Sayharul menambahkan, dari peta tata guna lahan kesepakatan dan peta penunjukan kawasan dan perairan Sultra dalam skala 1 : 720.000, No. SK 454/Kpts-II/1999, tertanggal 17 Juni 1999, menunjukan adanya tumpang tindih lokasi eksplorasi PT. Billy dengan penunjukan kawanan perairan serta penggunaan lahan untuk masyarakat, yakni kegiatan hutan produksi terbatas dan hutan lindung. Sedangkan yang lainnya adalah perkebunan kelapa rakyat, jambu mete, pertanian palawija, usaha budidaya serta pemukiman penduduk.
Syarif, warga di Kelurahan Tapuhaka mengatakan, pemberian izin kelola tambang dari Pemerintah Kabupaten Bombana merupakan kecelakaan bagi warga Kabaena. Sejak awal tak ada sosialisasi jelas dari Pemerintah maupun perusahaan terhadap warga. Padahal, berdasarkan peraturan pemerintah no 75 tahun 2001 pasal 26, perusahaan yang telah mengantongi izin Kuasa pertambangan wajib membayar iuran tetap dan iuran eksplorasi dan mensosialisasikan hal itu pada warga setempat.

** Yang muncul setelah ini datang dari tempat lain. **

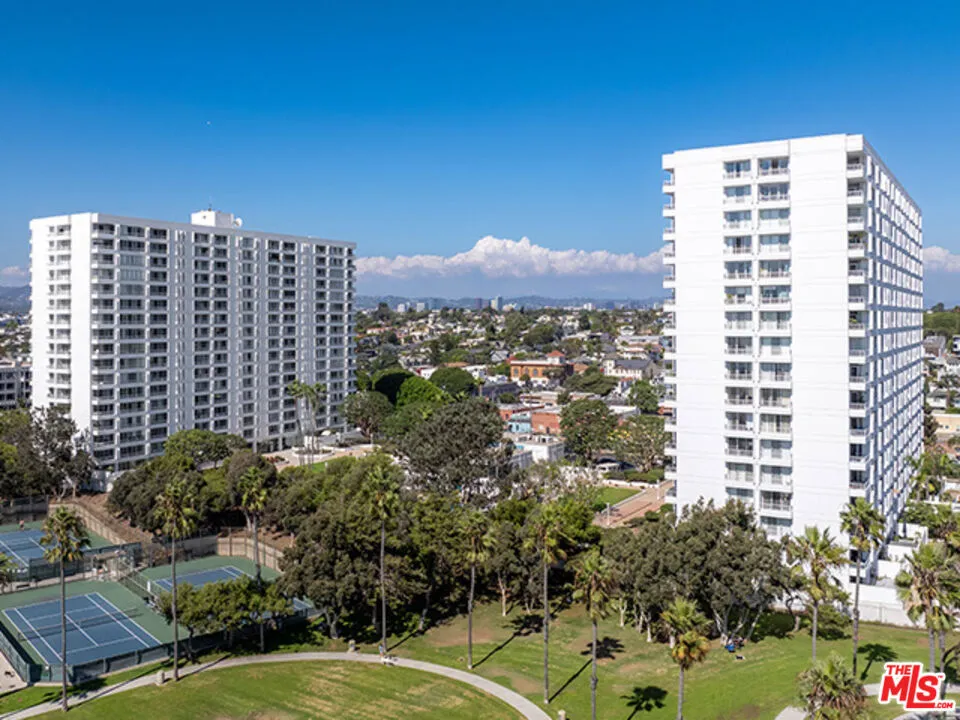 2700 Neilson Way #528 Santa Monica, CA 90405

“Warga harus tahu hak mereka, termasuk agar mereka bisa bersikap kritis bila pengelolaan tambang dilakukan dengan cara merusak,” katanya.

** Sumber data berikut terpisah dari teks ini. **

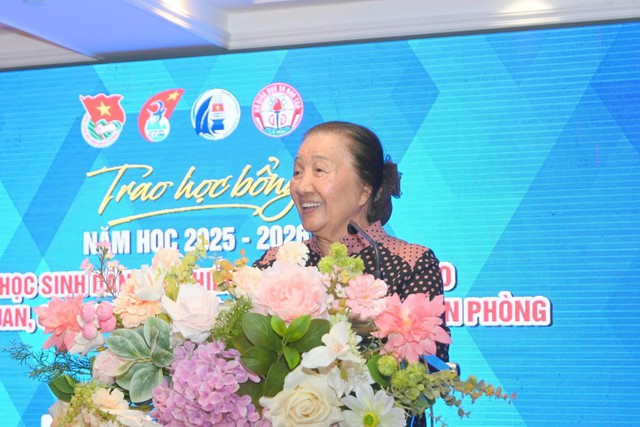 Lan tỏa yêu thương từ Lễ trao học bổng Vừ A Dính và CLB “Vì Hoàng Sa – Trường Sa thân yêu” năm học 2025–2026 tại Cà Mau- Ảnh 1.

Ia menilai pemberian dana community development pada warga samasekali tak akan pernah bisa memperbaiki kerusakan yang telah ada. Dia mendesak PT. Billy untuk memberikan komitmen pertanggungjawaban secara transparan pada warga bila pada akhirnya perusahaan tambang itu telah mengakhiri kontrak tambangnya. “Perlu bagi kami sebagai warga mengetahui, seperti apa rupa Kabaena kelak dan siapa yang akan merawat pulau ini pasca tambang?”
PT. Bily adalah perusahaan yang beroperasi sejak tahun 2007 di Kabaena. Mengelola wilayah seluas 194 hektar dan memberikan dana Rp 1000 per ton hasil keuntungannya pada warga sebagai bukti penyelesaikan community development. Pada bulan Mei total dana community development yang telah diberikan sebesar Rp 540.471.000,- pada warga. Sosialisasi dana itu dilakukan lewat secarik kertas yang ditempel di dinding toko, bangunan pemerintah dan tempat lain yang mudah diakses warga.

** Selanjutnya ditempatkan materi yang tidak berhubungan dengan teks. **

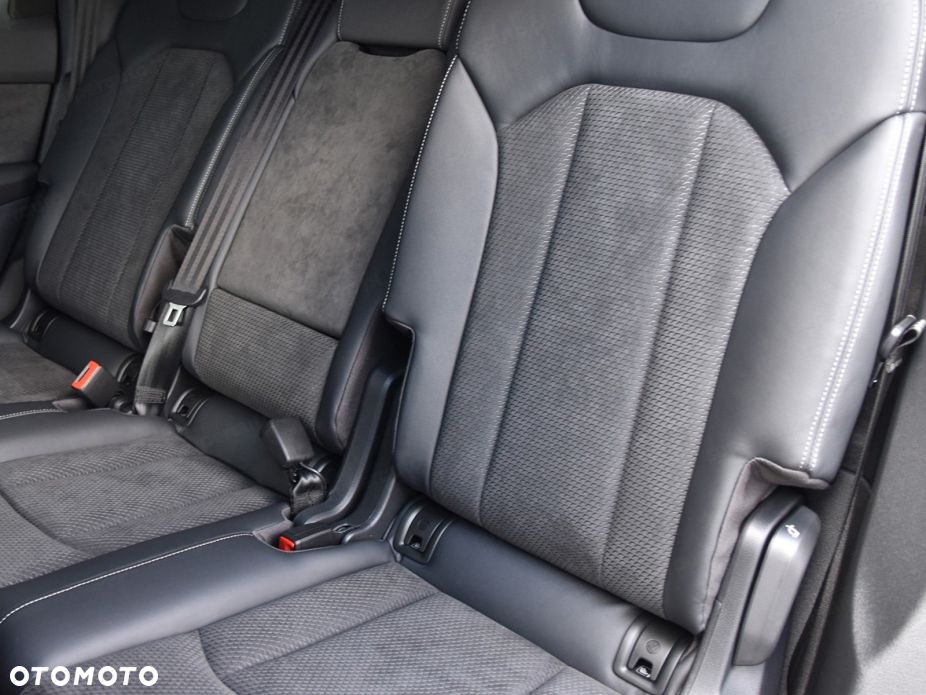Audi Q7 - 9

”Kami sangat terbuka membahas hal ini,” kata Distomi Lasimon, Direktur PT Billy Indonesia. Community development adalah satu kewajiban yang dilakukan PT Bily selain upaya reklamasi. Tapi tetap saja upaya mereka tak pernah bisa menjawab ; siapa yang kelak akan memperbaiki kerusakan lingkungan pasca tambang di Kabaena.
Mahendro, S.Hut, Kepala Seksi Program Balai Pemeliharaan Daerah Aliran Sungai (BPDAS) Sultra, mengatakan tambang akan menyebabkan wilayah tangkapan air hilang bersamaan dengan gundulnya hutan. Lubang-lubang besar yang tercipta selama proses eksplorasi maupun eksploitasi akan potensial menjadi penyebab terjadinya longsor dan erosi.
Tak kalah serius adalah hilangnya kemampuan kawasan hutan untuk mendukung kehidupan sosial, ekonomi dan budaya masyarakat sekitar hutan. Selama ini, hutan terbukti mendukung perekonomian masyarakat sekitar melalui pengambilan hasil hutan seperti buah-buahan, madu, rotan, dan bahan bangunan.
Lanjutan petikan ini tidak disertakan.